The chin bar mechanism felt solid and confident as evidenced by the metallic strikers and latches. The included chin curtain had a cleft in the center to ease the navigation of the chin bar release button that was nestled behind it. I was concerned that this would cause some noise or wind issues when riding but I’ll get to that later.
I was initially baffled that there is no quick-release mechanism for the face shield as there is with many of its competitors. I came to realize, however, that this is a non-issue because the included Transitions shield and Pinlock lens negates the need for constant shield changes. I surmise the lack of quick-release mechanisms also helps reduce the overall weight of the helmet by a few grams.
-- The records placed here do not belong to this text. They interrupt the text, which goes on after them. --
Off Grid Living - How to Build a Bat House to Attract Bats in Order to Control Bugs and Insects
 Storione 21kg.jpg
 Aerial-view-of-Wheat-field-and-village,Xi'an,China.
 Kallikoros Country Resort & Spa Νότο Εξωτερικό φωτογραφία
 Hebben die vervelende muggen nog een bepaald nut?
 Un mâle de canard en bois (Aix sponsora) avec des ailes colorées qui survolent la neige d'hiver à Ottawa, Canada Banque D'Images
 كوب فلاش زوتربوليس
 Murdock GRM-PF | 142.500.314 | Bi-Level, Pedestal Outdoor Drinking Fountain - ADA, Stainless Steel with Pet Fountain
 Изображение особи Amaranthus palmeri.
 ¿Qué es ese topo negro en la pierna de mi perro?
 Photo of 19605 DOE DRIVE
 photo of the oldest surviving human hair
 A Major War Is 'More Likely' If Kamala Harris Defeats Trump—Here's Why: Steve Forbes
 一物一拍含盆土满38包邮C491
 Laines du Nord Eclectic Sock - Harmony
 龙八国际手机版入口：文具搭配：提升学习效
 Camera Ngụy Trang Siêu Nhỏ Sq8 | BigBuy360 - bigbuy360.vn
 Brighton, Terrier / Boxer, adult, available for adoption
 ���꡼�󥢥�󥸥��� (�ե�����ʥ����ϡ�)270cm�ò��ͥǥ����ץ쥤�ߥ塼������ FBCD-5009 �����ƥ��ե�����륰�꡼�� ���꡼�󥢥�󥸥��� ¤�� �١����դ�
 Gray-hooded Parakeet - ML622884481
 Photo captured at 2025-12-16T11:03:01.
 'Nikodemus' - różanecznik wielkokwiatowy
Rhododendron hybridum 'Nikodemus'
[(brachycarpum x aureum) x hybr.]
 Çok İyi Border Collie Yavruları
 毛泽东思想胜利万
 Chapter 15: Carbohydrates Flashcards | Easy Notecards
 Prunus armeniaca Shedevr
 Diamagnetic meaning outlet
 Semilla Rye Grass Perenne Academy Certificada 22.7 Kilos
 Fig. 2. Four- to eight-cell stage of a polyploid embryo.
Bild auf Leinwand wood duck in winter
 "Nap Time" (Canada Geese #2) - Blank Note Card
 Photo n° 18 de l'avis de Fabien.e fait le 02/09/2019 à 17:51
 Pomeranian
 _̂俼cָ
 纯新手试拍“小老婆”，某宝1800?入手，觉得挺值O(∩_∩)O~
Speaking of weight savings, it’s a common knowledge that most modular helmets are on the heavy side. Usually we find weights in the 3.5 to 4.5 pound range (roughly 12-16% heavier than most full-faced helmets). The carbon fiber shell on this helmet brings its weight down to an astounding 3lbs 1oz. I double-checked, re-calibrated the scale, and triple-checked. In disbelief, I got a second opinion from another scale. Confirmed. At an ounce over 3 pounds it’s the lightest modular we’ve handled.
OK! Let’s get on the road!
This helmet spent about 99.9% of its time on the highway on a naked bike in a forward riding position. The helmet felt very aerodynamic, well balanced, and, when combined with its ultra-lightweight construction, I rarely ever noticed it was there.
I mentioned earlier my concerns over the chin curtain. No problems with this at all; I did not notice any excessive air or noise leaks with this or with the neck roll. It seemed to all make a good seal around my neck to keep the wind noise down from the bottom of the helmet.
Visibility through the eyeport was good and I did not have a problem with peripheral vision.
There were a few disappointments with the faceshield and vents, however. The SolFX faceshield seemed to leave me wanting more in terms of tint. While it was clear in the absence of sunlight, it was dismally tinted in broad daylight. It was a light tint at best. Also, it did not make a very good seal when closed at all. The shield could stand to have a stronger closing detent to make it feel more secure. Many times I found myself closing the shield (when having it open at a stoplight, for example) and then tapping it several times afterwards to make sure it was closed. It just never closed with any confidence. On that note, the top gasket makes no seal whatsoever with the shield. This resulted in a constant flow of air direct at my eyes. This is a bad situation for folks who wear contacts and don’t want dry itchy eyes. Otherwise, ventilation was non-existent. The Monaco has 3-position chin and forehead vents but they appeared to be more for show than for function. The bottom line, plenty of airflow where you don’t want it, but fixing that will require fixing the vents as well. The switch on the chin vent also has a rubberized grip on it that is already half falling off. I would recommend not having it at all as I don’t think it adds any aesthetic value.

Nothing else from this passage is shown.